C. Tipps und weiteres Vorgehen
Bitte beachten Sie, dass aufgrund der Vielzahl solcher Angebote in jedem Einzelfall zu prüfen ist, wie und
ob man sich rechtlich am Besten wehrt:
Wir empfehlen Ihnen vor jeder (!) Eingabe persönlicher Daten (etwa Name, Adresse etc.) immer darauf
zu achten, ob das jeweilige Angebot Kleingedrucktes enthält, das meist in Allgemeinen
Geschäftsbedingungen oder in sog. "Teilnahmebedingungen" versteckt ist.

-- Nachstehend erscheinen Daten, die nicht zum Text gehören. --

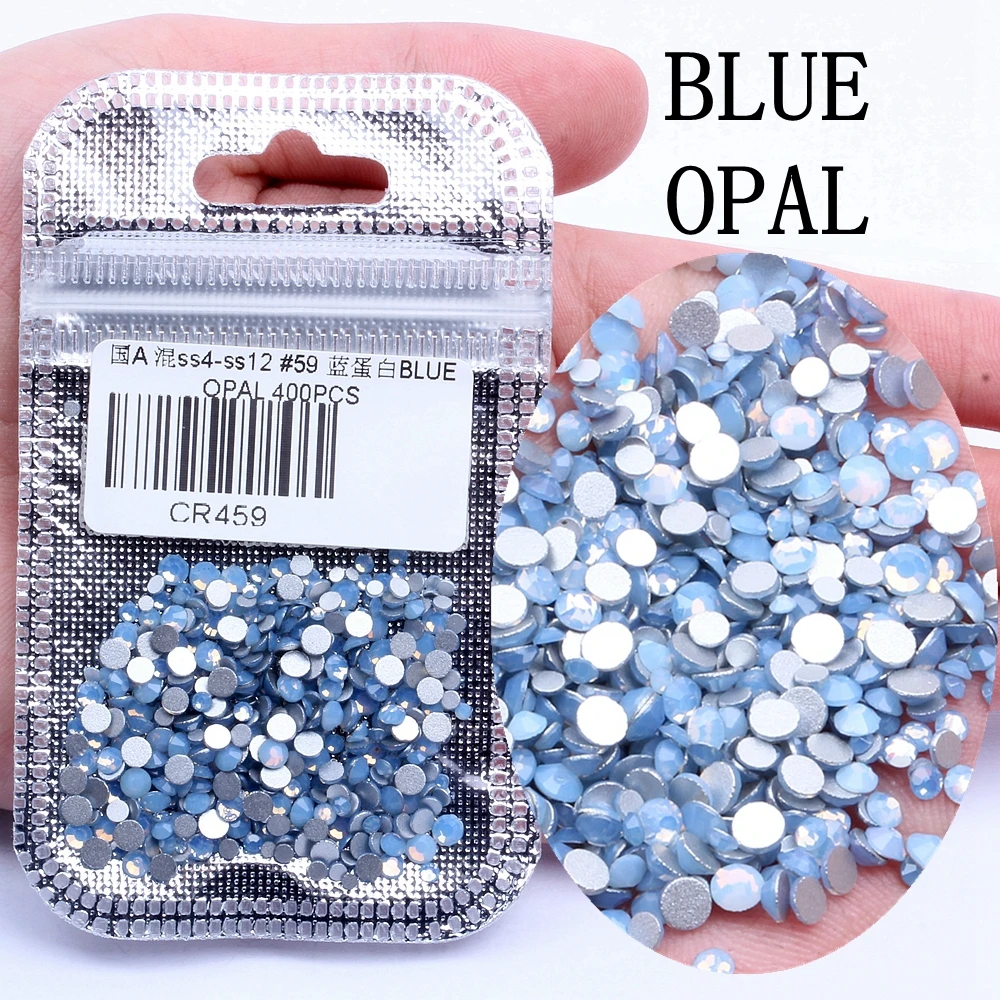 59 BLUE OPAL Стразы для нейл-арта, 60 цветов, 400 шт, микс из SS4-SS12, стеклянные стразы с плоской задней стороной, Стразы для ногтей, 3D украшения - Цвет: 59 BLUE OPAL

Gerade bei Verträgen mit langer Bindungsdauer ist immer genau abzuwägen, ob sich das jeweilige
Angebot im Internet tatsächlich rechnet - dies gilt gerade bei meist völlig überzogenen Preisen für
Premium SMS- oder sonstige mobile Dienste.
Immer ist zu beachten, dass in der Regel für Verbraucher die Möglichkeit besteht, ihr gesetzliches
Widerrufsrecht wahrzunehmen. Einige "schwarze Schafe" neigen dazu, die Widerrufsmöglichkeit
auszuschließen, was jedoch nur in seltenen Fällen tatsächlich rechtlich haltbar sein wird.
Man sollte nicht den erstbesten Anbieter wählen, der beispielsweise "Tipps für Lebensläufe" bietet. Die
Erfahrung zeigt, dass gerade die seriösen Anbieter nicht mit langfristigen und insbesondere
kostenintensiven Vertragsbindungen arbeiten.
Schließen Sie nach Möglichkeit keine Verträge ab, wenn sich der Sitz des Anbieters im Ausland
befindet.
Beachten Sie aus Beweisgründen die Schriftform und treten Sie von Ihren Online-Verträgen
ausschließlich per eingeschriebenem Brief in Papierform vom Vertrag zurück.